(Task brief): Reproduce the lines below exactly. Begin with the first, end with the line containing "If you don't", and leave out the pictures.

(Data for review begins)

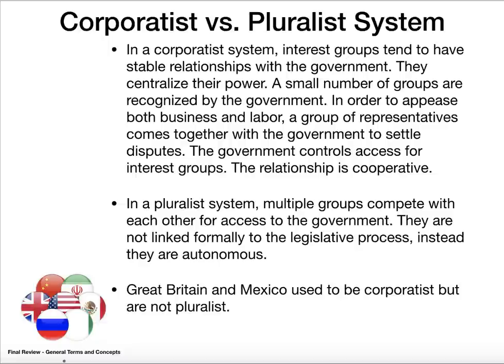Corporatist versus pluralist system. Interest groups have specific goals and objectives they want to accomplish. In a corporatist system, those interest groups have a formal relationship with the government — business, labor, and government representatives come together, work within the system, and their relationship is cooperative. In a pluralist system, you still have multiple interest groups, but they don't have direct access to the government — they're not linked to any part specifically, so they have to compete to gain influence, think of lobbyists. Great Britain and Mexico used to be corporatist states, but they are now pluralist.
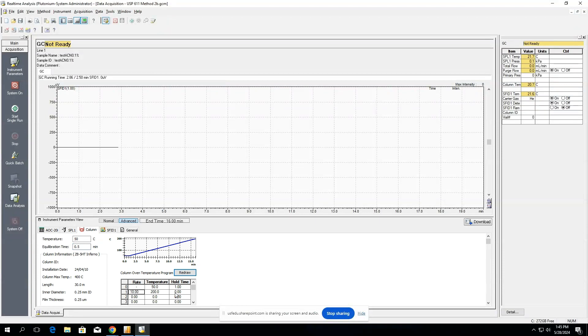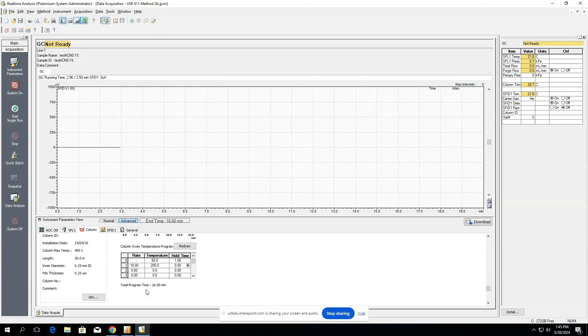If you don't set a value here, it's just going to hold it indefinitely, but it just depends on what you're looking for in your method, and it will give an example of how long each injection will take.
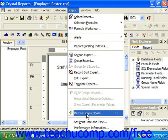Then select Refresh Report Data. You can also simply press the F5 key on your keyboard as a keyboard shortcut.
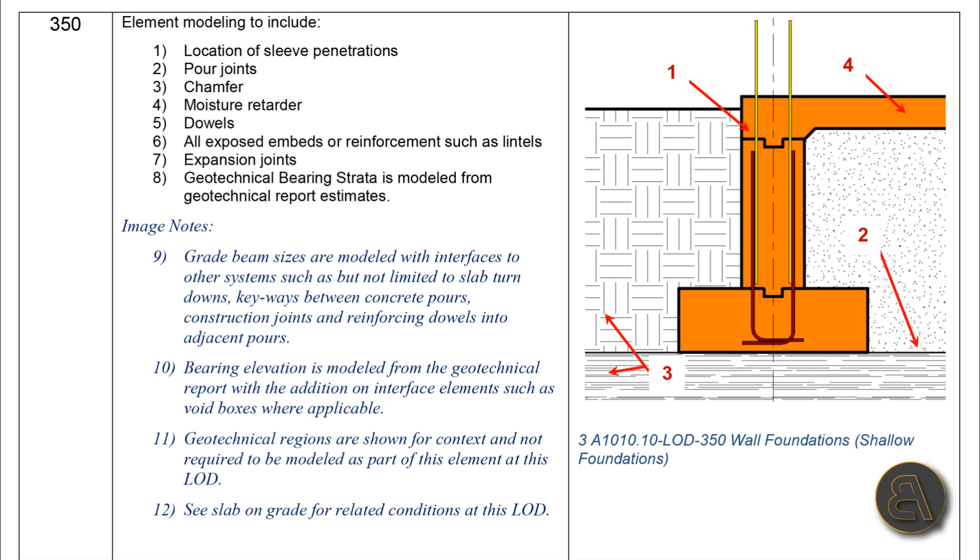Moving on to LOD 350, as you can see we've got way more information than in the previous one. In the notes we've got element modeling to include: location of sleeve penetrations, pour joints, chamfer, moisture retarder, also dowels, all exposed embeds or reinforcements such as lintels, expansion joints, geotechnical bearing strata is modeled from geotechnical report estimates.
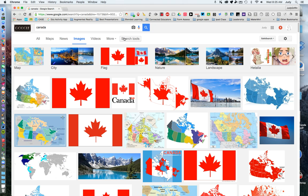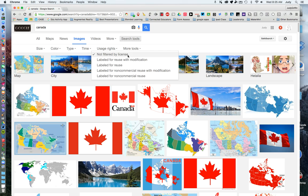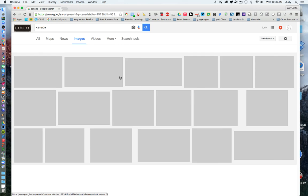And before you even look at the images, go to Search Tools, select Usage Rights, and change from 'not filtered by license' to 'labeled for non-commercial reuse.'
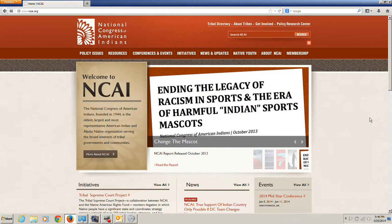This video has been designed to assist you in registering for NCAI's 2014 Mid-Year Conference in Anchorage, Alaska. The online registration link can be located at NCAI's website: www.ncai.org.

(Data for review ends)

(Result of this exercise):
Corporatist versus pluralist system. Interest groups have specific goals and objectives they want to accomplish. In a corporatist system, those interest groups have a formal relationship with the government — business, labor, and government representatives come together, work within the system, and their relationship is cooperative. In a pluralist system, you still have multiple interest groups, but they don't have direct access to the government — they're not linked to any part specifically, so they have to compete to gain influence, think of lobbyists. Great Britain and Mexico used to be corporatist states, but they are now pluralist.
If you don't set a value here, it's just going to hold it indefinitely, but it just depends on what you're looking for in your method, and it will give an example of how long each injection will take.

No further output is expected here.